A RTP portou-se como escrava submissa do poder político. Foi atrás do ministro Relvas na sua apoteose angolana e fez o que ele desejava: a ratificação mediática dos lugares-comuns sobre as relações entre os dois países, das provas de amizades mútuas e de negócios futuros.
Campos Ferreira prossegue o seu triste papel de sempre, qualquer que seja o governo. Já passou pelos de Durão, Santana, Sócrates e agora Passos Coelho: o governo quer, Fátima faz, o governo tem. Cada semana, cada ministro. Na semana passada, Relvas. Quem será o ministro do Prós e Contras de amanhã?
É tal a submissão à agenda dos governos que o programa não tem a mínima credibilidade jornalística. Manteve-se durante anos fora da alçada da Direcção de Informação da RTP, absurdo que só a sua submissão ao governo poderia justificar.

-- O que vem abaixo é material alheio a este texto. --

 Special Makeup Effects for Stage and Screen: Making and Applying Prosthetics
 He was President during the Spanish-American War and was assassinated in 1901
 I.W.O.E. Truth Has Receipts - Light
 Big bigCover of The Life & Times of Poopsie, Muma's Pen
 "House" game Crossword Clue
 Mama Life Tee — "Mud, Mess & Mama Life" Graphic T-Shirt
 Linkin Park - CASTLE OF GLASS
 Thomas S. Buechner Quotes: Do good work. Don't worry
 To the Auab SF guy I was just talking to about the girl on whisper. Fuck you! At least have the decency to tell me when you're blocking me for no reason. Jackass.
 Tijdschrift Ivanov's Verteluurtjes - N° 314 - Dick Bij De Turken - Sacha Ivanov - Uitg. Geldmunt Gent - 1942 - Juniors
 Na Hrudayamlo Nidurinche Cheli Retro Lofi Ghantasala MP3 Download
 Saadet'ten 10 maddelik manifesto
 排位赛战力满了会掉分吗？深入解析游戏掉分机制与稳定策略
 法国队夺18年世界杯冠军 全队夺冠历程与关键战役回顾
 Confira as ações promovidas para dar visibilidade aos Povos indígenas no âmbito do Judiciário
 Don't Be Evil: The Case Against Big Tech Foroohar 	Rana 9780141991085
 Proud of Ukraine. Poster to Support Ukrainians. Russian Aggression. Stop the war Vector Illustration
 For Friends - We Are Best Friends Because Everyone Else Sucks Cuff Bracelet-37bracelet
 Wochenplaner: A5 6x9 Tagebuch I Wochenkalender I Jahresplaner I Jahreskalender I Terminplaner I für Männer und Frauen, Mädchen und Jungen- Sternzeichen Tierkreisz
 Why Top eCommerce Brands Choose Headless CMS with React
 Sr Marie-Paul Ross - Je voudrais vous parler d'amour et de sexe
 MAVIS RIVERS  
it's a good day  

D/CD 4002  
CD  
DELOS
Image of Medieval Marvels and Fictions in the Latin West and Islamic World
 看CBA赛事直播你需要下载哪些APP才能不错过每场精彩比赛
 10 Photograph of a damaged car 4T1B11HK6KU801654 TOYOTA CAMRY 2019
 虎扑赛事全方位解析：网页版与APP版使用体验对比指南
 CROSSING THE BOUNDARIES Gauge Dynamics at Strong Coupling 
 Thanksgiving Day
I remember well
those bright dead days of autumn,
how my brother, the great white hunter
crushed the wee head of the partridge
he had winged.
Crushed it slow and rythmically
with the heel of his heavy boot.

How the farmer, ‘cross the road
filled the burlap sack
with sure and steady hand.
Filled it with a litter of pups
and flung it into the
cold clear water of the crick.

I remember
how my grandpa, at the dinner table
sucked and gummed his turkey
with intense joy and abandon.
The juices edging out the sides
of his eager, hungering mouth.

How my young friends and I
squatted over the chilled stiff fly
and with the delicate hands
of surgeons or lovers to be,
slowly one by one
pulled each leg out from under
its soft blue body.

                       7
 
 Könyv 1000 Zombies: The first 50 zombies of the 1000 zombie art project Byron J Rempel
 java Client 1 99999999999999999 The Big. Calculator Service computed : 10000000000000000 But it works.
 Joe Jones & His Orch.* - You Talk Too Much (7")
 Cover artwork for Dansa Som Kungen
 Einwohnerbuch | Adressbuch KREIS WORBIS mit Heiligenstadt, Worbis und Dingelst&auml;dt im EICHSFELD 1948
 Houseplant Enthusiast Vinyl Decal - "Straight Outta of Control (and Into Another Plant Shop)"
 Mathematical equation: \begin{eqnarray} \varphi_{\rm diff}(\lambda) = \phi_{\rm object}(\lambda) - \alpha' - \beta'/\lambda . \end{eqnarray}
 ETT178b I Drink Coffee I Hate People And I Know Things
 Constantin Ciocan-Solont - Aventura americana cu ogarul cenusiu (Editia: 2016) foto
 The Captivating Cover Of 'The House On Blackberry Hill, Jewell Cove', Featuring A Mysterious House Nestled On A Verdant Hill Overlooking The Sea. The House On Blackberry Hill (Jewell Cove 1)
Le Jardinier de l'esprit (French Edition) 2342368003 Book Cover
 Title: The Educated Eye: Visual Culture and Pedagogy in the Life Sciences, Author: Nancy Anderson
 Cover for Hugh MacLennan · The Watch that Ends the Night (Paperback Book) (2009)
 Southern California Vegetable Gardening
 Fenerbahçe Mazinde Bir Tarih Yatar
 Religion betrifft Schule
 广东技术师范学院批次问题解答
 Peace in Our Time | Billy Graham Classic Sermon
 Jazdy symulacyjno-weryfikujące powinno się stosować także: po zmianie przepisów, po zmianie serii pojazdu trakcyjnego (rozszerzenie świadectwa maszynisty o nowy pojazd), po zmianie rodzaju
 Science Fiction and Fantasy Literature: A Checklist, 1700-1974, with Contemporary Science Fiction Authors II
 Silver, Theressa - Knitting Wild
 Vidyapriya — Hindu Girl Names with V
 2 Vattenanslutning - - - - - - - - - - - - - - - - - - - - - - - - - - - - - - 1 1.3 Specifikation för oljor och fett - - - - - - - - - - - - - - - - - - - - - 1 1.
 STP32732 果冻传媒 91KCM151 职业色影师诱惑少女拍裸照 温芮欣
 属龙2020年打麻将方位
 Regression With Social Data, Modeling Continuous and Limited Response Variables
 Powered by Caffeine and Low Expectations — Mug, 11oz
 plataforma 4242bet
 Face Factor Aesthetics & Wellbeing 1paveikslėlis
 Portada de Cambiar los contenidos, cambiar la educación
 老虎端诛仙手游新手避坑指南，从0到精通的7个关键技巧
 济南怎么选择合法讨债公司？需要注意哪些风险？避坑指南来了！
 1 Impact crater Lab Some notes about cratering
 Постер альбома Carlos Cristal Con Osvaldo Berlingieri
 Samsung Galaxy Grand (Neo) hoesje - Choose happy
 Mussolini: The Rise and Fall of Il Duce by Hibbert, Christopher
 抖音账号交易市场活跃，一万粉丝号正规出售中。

Depois passou para a alçada da Direcção de Informação no tempo de Sócrates… e ficou na mesma ou pior. Desta vez, a rejeição de que o programa rélvico--angolano se chamasse Prós e Contras indica que a Direcção de Informação da RTP não quis sujeitar o grosso dos jornalistas da RTP ao vexame a que Guilherme Costa, Marinho e Campos Ferreira o sujeitaram.
Aliás, é precisamente a relativa independência da actual informação da RTP nos seus noticiários, impensável durante o consulado de Sócrates, que leva o actual governo a agarrar-se ainda mais ao Prós e Contras como veículo para as suas prioridades de agenda.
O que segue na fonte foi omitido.